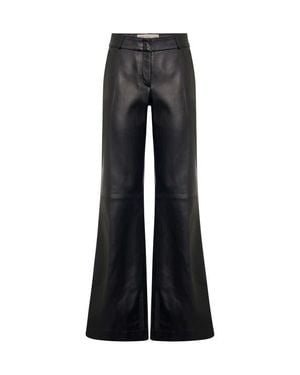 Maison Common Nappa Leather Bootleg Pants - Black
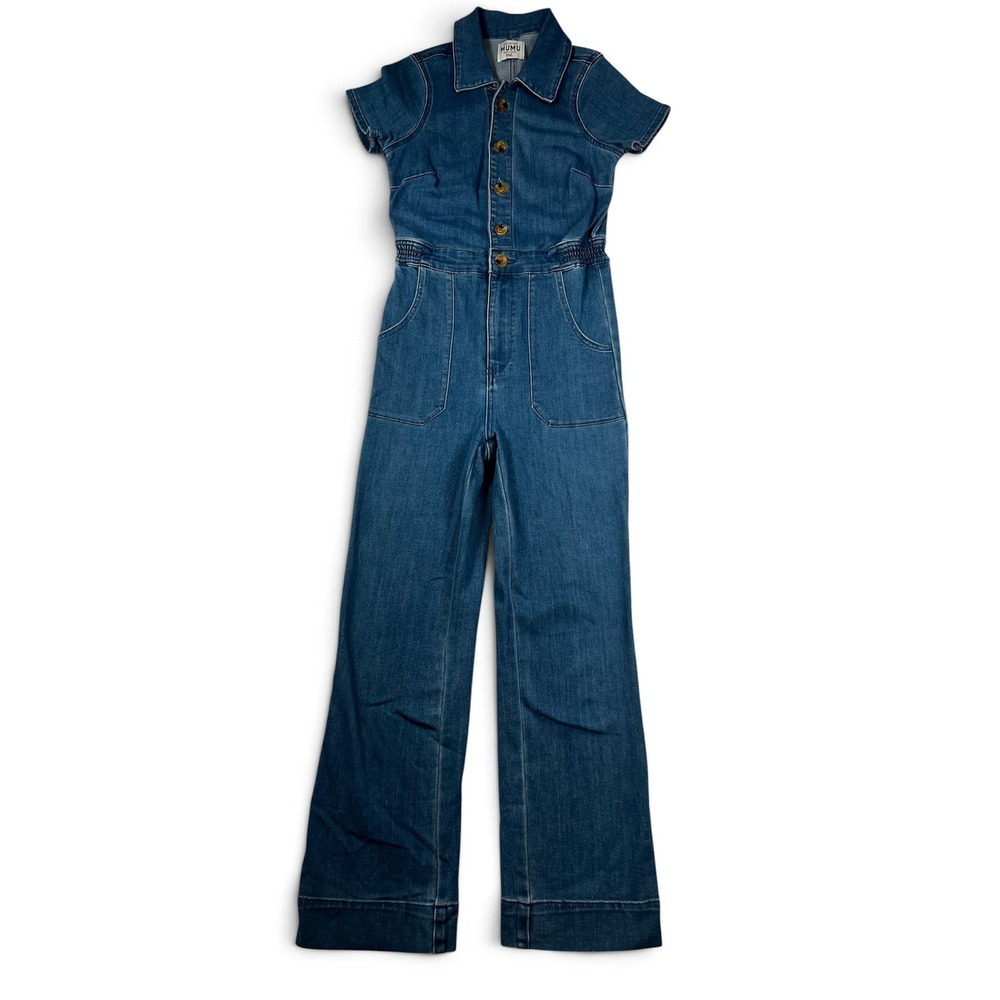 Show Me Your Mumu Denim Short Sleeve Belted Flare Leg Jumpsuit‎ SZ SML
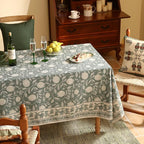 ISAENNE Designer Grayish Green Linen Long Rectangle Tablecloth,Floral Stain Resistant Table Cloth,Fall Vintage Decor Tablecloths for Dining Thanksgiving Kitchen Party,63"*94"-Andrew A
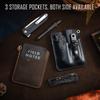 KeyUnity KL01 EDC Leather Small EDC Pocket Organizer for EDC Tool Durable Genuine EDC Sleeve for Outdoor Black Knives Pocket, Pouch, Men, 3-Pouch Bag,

┄┄┄┄┄┄

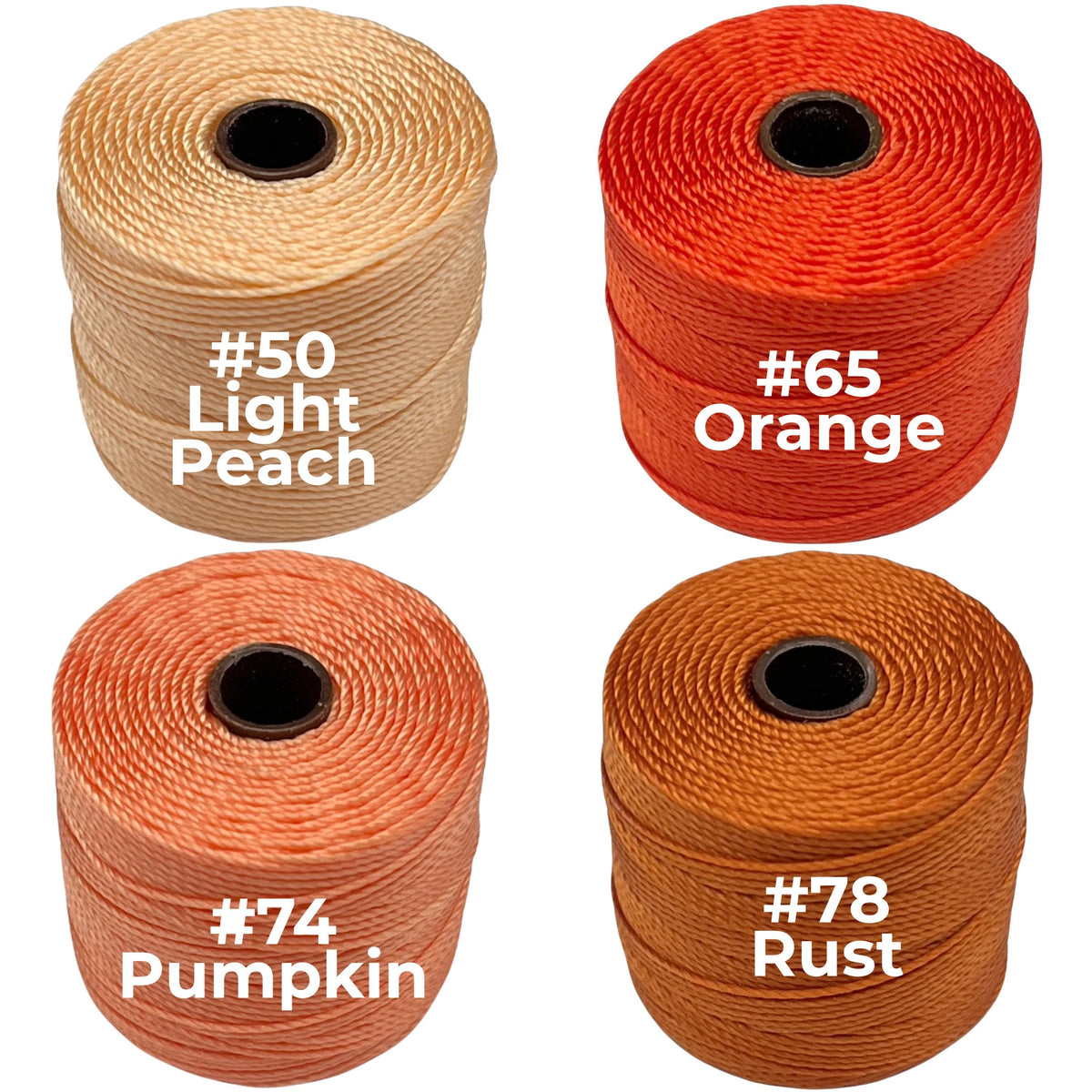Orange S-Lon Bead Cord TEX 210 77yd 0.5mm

┄┄┄┄┄┄

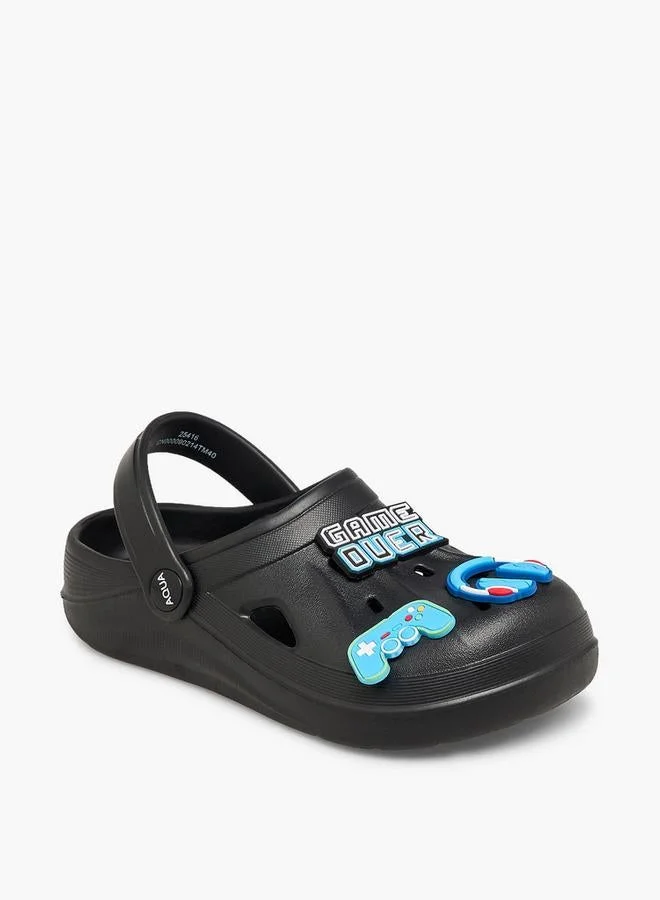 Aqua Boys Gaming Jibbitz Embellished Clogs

┄┄┄┄┄┄

[EXERCISE INSTRUCTIONS]:
Return exactly the lines that appear in the data above between the line containing "Show Me Your" and the line containing "KeyUnity KL01 EDC", both of which are included, and leave the pictures out.

[OUTPUT FOR THIS TASK]:
 Show Me Your Mumu Denim Short Sleeve Belted Flare Leg Jumpsuit‎ SZ SML
 ISAENNE Designer Grayish Green Linen Long Rectangle Tablecloth,Floral Stain Resistant Table Cloth,Fall Vintage Decor Tablecloths for Dining Thanksgiving Kitchen Party,63"*94"-Andrew A
 KeyUnity KL01 EDC Leather Small EDC Pocket Organizer for EDC Tool Durable Genuine EDC Sleeve for Outdoor Black Knives Pocket, Pouch, Men, 3-Pouch Bag,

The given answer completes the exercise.